Believe it or not, research shows that flying can play havoc with our digestive systems as well as our body clock. The low cabin pressure makes digestion sluggish and the gases in our stomach can expand by as much as 30 percent, leaving us with swollen tummies and terrible wind. Meanwhile, the low humidity on board can make us dehydrated. Then there’s the food itself.

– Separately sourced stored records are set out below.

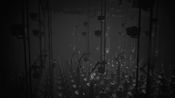 Get White Shadows Steam Key (PC) LATAM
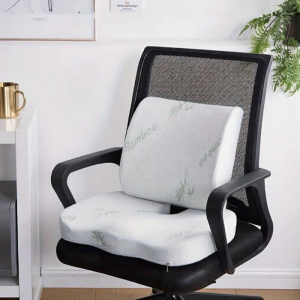 MOLORE | Multi-purpose Memory Foam Seat and Back Cushion Set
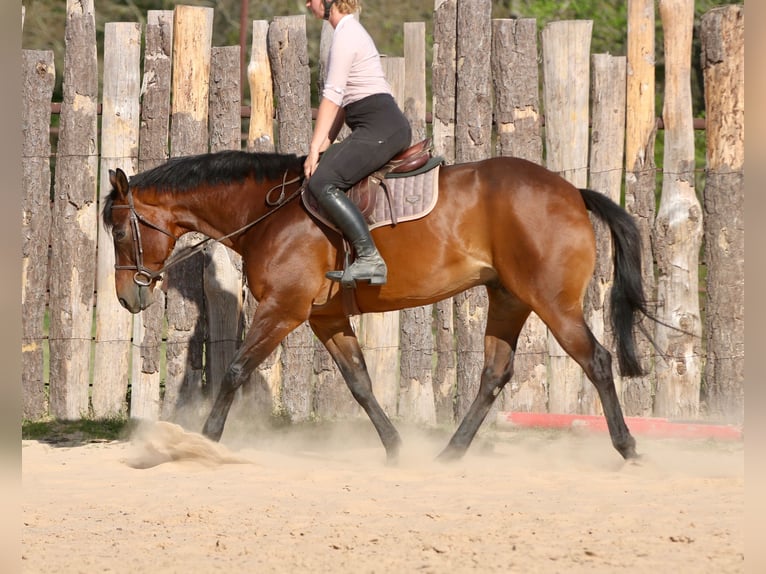 Quarter horse américain Hongre 10 Ans 163 cm Bai cerise in Athens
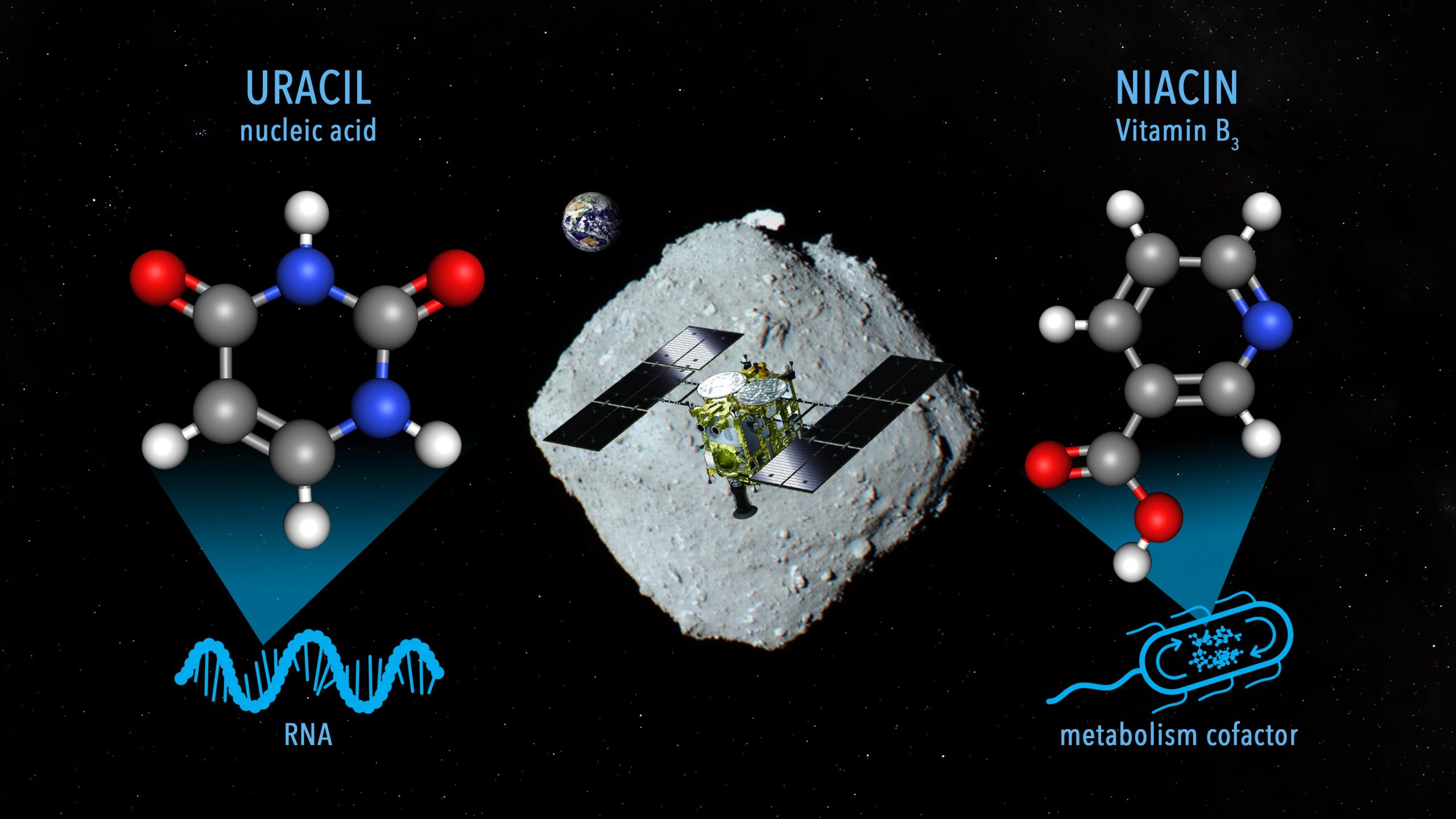 Asteroid Ryugu Rracil and Niacin scaled
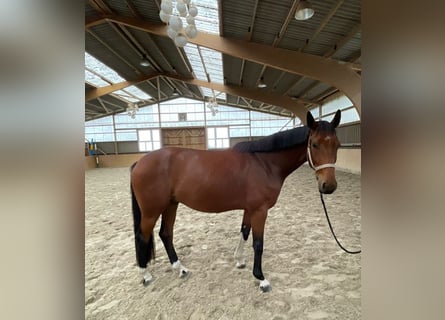 Mecklenburg Warmblood, Gelding, 5 years, 16,2 hh, Brown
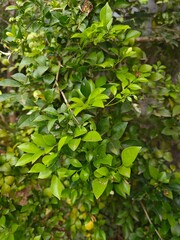 Obraz premium Lush Green Tropical Leaves Background – Natural Botanical Texture in Sunlight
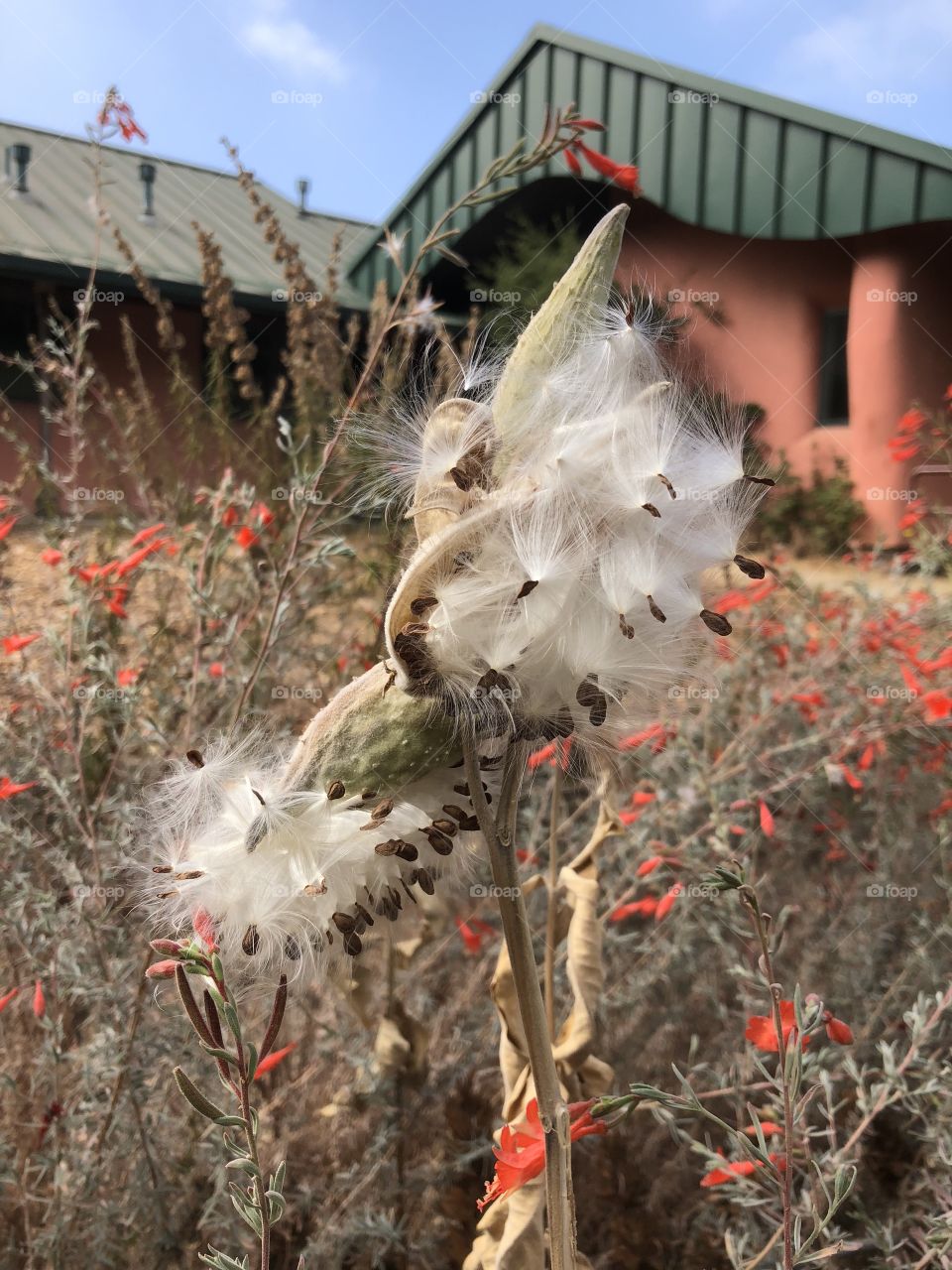 Nature, Flower, Tree, Outdoors, Winter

One survey conducted on a US carrier showed that an airline meal provides a staggering 950 calories – almost half the calories needed by a woman to keep her weight steady – and that’s without any extra snacks or drinks. Many of us also find we ‘eat our way through the flight’ to fight the boredom, filling up on free food and drink supplied by the air stewards and dipping into our own supply of fatty and sugary snacks carried on in our hand luggage. Added to this, there’s no opportunity to burn off the calories by exercising.

WLR says:

We’re not trying to ruin your holiday, but remember it’s little changes that make big differences when it comes to keeping off those pounds you’ve already lost. So follow these tips when you’re on board:

  • Find out whether you’ll receive a meal on the flight and if so, avoid filling up on fast food and snacks at the airport – even if you’re not hungry, chances are you’ll still eat the meal on the plane out of boredom.
  • Some airlines offer ‘low-fat’ meals so see if you can pre-order one – but give at least 24 hours notice.
  • Give the complimentary snacks served with drinks a miss -– a couple of bags of these can add up to around 150 calories.
  • Don’t go overboard on alcohol, even if it’s free. Too much will make you even more dehydrated, give you a headache and pile on the calories. Plus, dehydration can make jet lag far worse – an even better reason to stick with water, especially if you’re on a long-haul flight.
  • Don’t be tempted to quench thirst with too much free fruit juice – each glass contains around 50 calories. Water is a much better choice.
  • Most spirits come in double measures, so allow 100 calories for each bottle of gin, vodka, whisky or rum – and mix them with slimline tonic or diet cola.
  • Allow 150 calories for each small bottle of wine and around 100 calories for a can of beer.
  • It’s all the extras that have the potential to pile on the pounds – the butter with the roll, the dressing with the salad, the cheese and biscuits and the after-dinner chocolate. Avoid them if you can.
  • Take some fresh or dried fruit in your hand luggage to have instead of the dessert or to nibble on if you get the munchies (although bear in mind if you don’t eat it, some countries may not let you take it into the country).